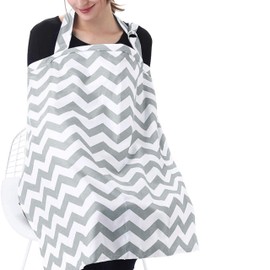 Tiernelle Manta de maternidad para Amamantar a tu Bebé. Cubierta Ligera, practica y amplia. Otorga comodidad, protección y privacidad a ti y a tu bebe. Excelente Accesorio para Mamá. (Gris/Blanco)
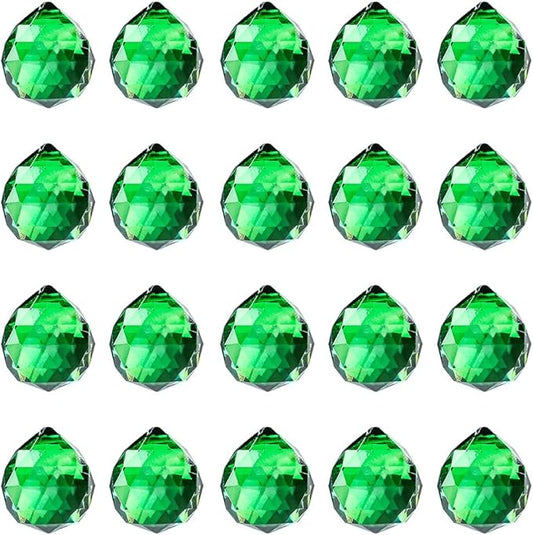 20pcs DIY Crystal Prism Suncatcher for Windows Hanging, 20mm Clear Glass Crystal Sun Catcher Beads Pendants Maker Balls for Indoor Outdoor Garden Feng Shui Home Decor Green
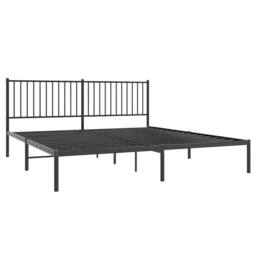 Berkfield Home Metal Bed Frame with Headboard Black 180x200 cm Super King - thumbnail 1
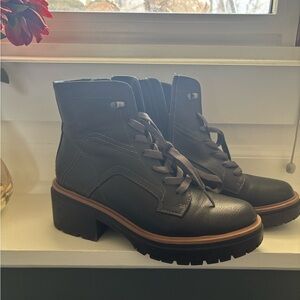 Naturalizer Abbott green Lace-Up Chunky Heel Ankle Boots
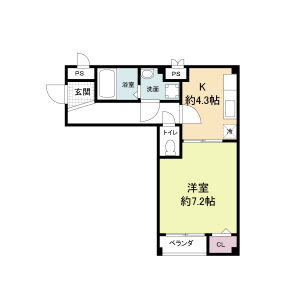 1K 間取り図
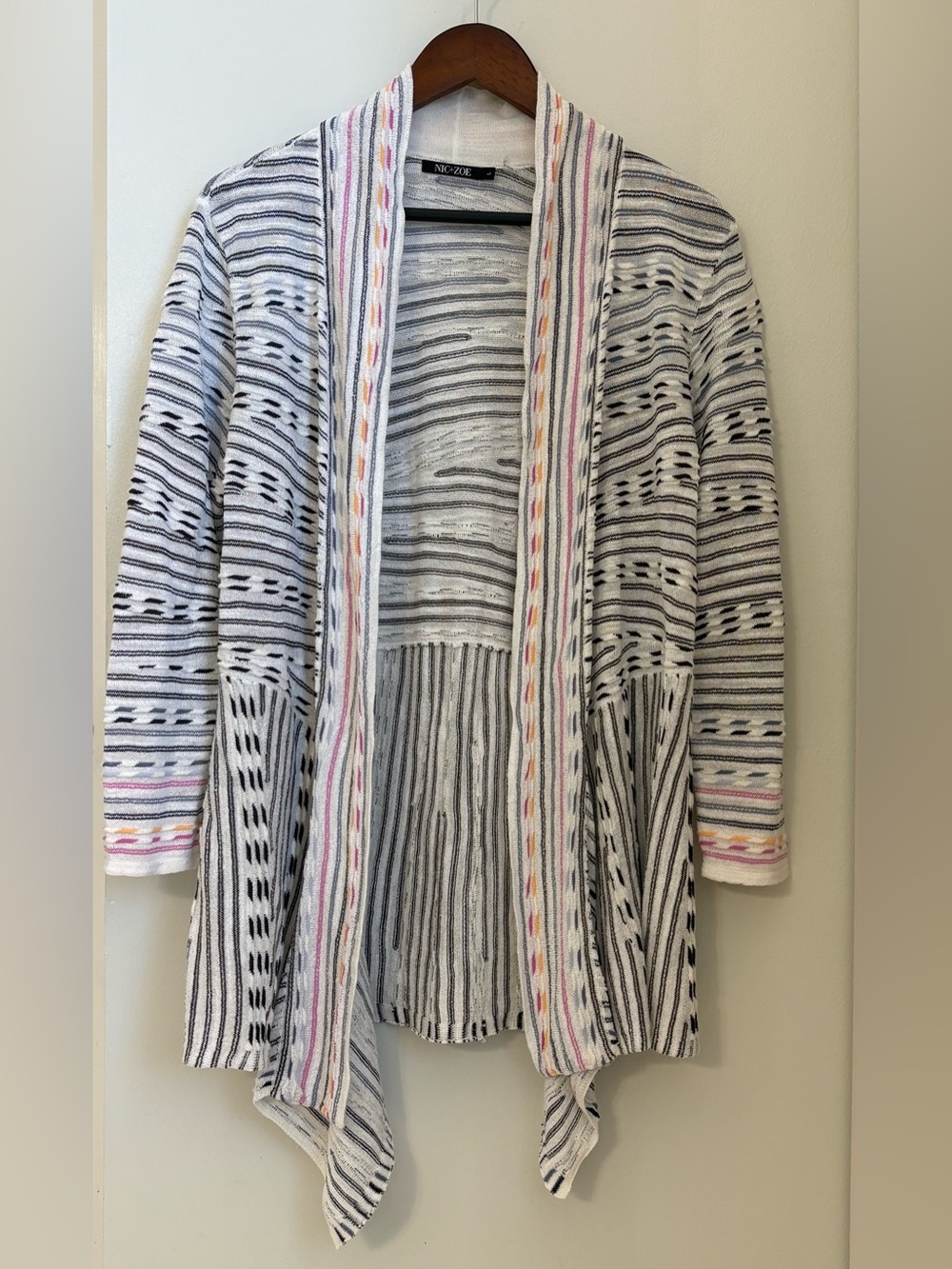 NIC+ZOE Shades Stripes White and Black Draped Open Front Cardigan Size: L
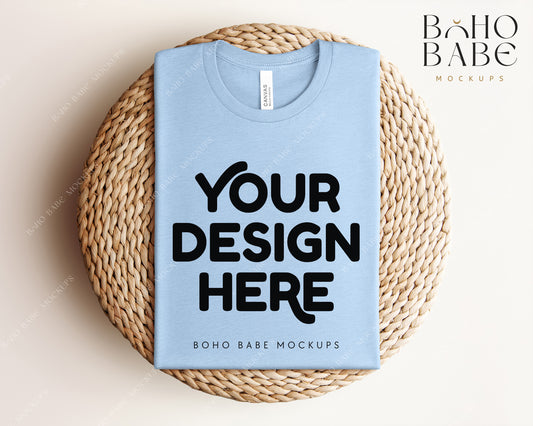 Bella Canvas 3001 HEATHER BABY BLUE T-shirt Mockup | Boho Babe Folded Mockup Design Vol.1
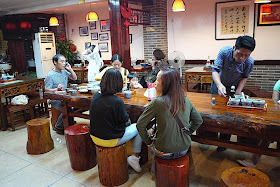 log stools at a restaurant in Changsha, China.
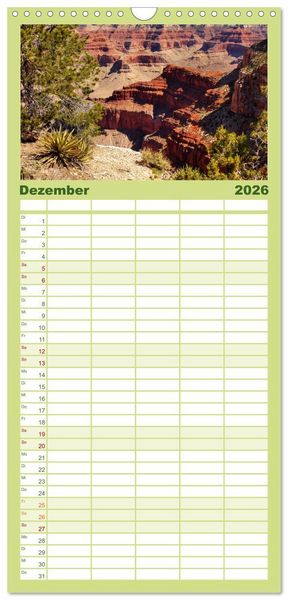 Produktbild: Familienplaner 2026 - Grand Canyon, Nationalpark mit 5 Spalten (Wandkalender, 21 x 45 cm) CALVENDO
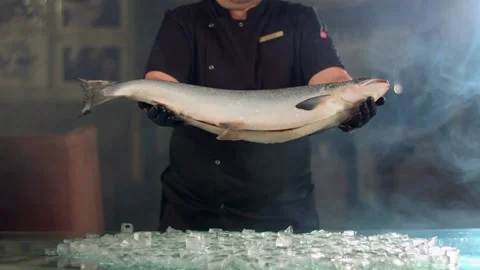 Slow Motion Shot of Falling Fresh Fish into Crushed Ice Stock Footage 137318394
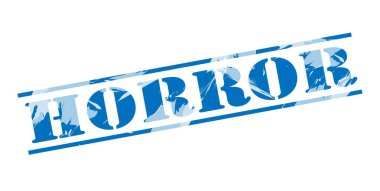 Beyaz arka plan üzerinde korku mavi pul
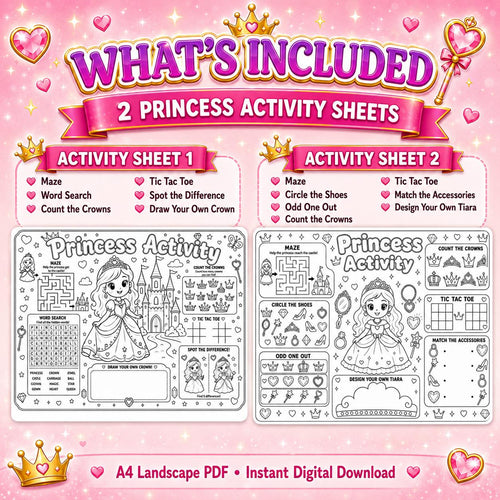 Princess Activity Sheets Printable, Princess Birthday  Activity Pages, Kids Party Activity, Princess Coloring Page, A4 Digital Download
--
What to work on: Nothing but the pictures should be left out when the material above is copied.

Final answer:
 Tiernelle Manta de maternidad para Amamantar a tu Bebé. Cubierta Ligera, practica y amplia. Otorga comodidad, protección y privacidad a ti y a tu bebe. Excelente Accesorio para Mamá. (Gris/Blanco)
 20pcs DIY Crystal Prism Suncatcher for Windows Hanging, 20mm Clear Glass Crystal Sun Catcher Beads Pendants Maker Balls for Indoor Outdoor Garden Feng Shui Home Decor Green
 Berkfield Home Metal Bed Frame with Headboard Black 180x200 cm Super King - thumbnail 1
 Naturalizer Abbott green Lace-Up Chunky Heel Ankle Boots
 1K 間取り図
 NIC+ZOE Shades Stripes White and Black Draped Open Front Cardigan Size: L
 Bella Canvas 3001 HEATHER BABY BLUE T-shirt Mockup | Boho Babe Folded Mockup Design Vol.1
 log stools at a restaurant in Changsha, China.
 Produktbild: Familienplaner 2026 - Grand Canyon, Nationalpark mit 5 Spalten (Wandkalender, 21 x 45 cm) CALVENDO
 Slow Motion Shot of Falling Fresh Fish into Crushed Ice Stock Footage 137318394
 Beyaz arka plan üzerinde korku mavi pul
 Princess Activity Sheets Printable, Princess Birthday  Activity Pages, Kids Party Activity, Princess Coloring Page, A4 Digital Download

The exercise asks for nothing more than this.